Required work:
From the data that follows, set down exactly the lines from the one with "Good morning students." through the one with "My name is Audrey", counting both. Pictures stay out.

Data for the task:
■ ■ ■ ■
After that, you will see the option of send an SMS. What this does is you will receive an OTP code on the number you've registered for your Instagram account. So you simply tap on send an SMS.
■ ■ ■ ■
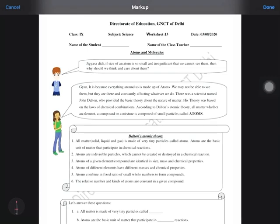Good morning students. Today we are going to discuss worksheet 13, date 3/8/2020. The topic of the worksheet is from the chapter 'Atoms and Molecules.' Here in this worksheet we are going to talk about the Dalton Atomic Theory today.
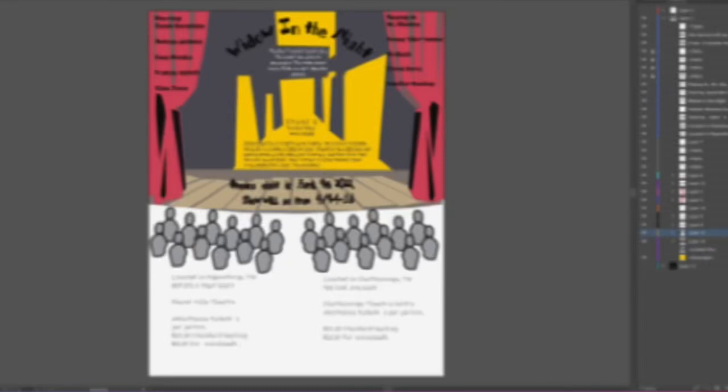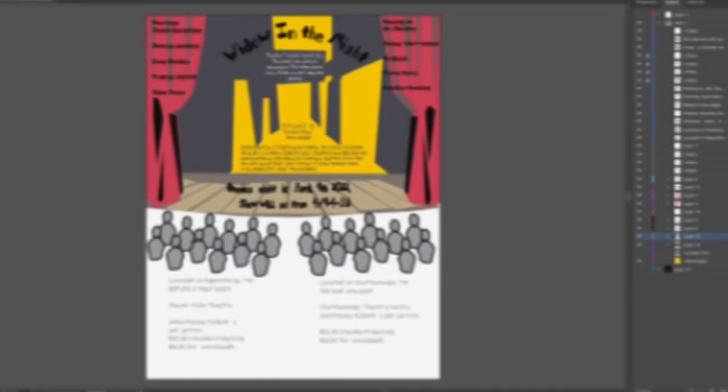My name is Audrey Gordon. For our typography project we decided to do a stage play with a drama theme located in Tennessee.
■ ■ ■ ■
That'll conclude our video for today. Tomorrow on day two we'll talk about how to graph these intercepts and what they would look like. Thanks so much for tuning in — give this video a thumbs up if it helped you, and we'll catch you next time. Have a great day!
■ ■ ■ ■
Answer to this problem:
Good morning students. Today we are going to discuss worksheet 13, date 3/8/2020. The topic of the worksheet is from the chapter 'Atoms and Molecules.' Here in this worksheet we are going to talk about the Dalton Atomic Theory today.
My name is Audrey Gordon. For our typography project we decided to do a stage play with a drama theme located in Tennessee.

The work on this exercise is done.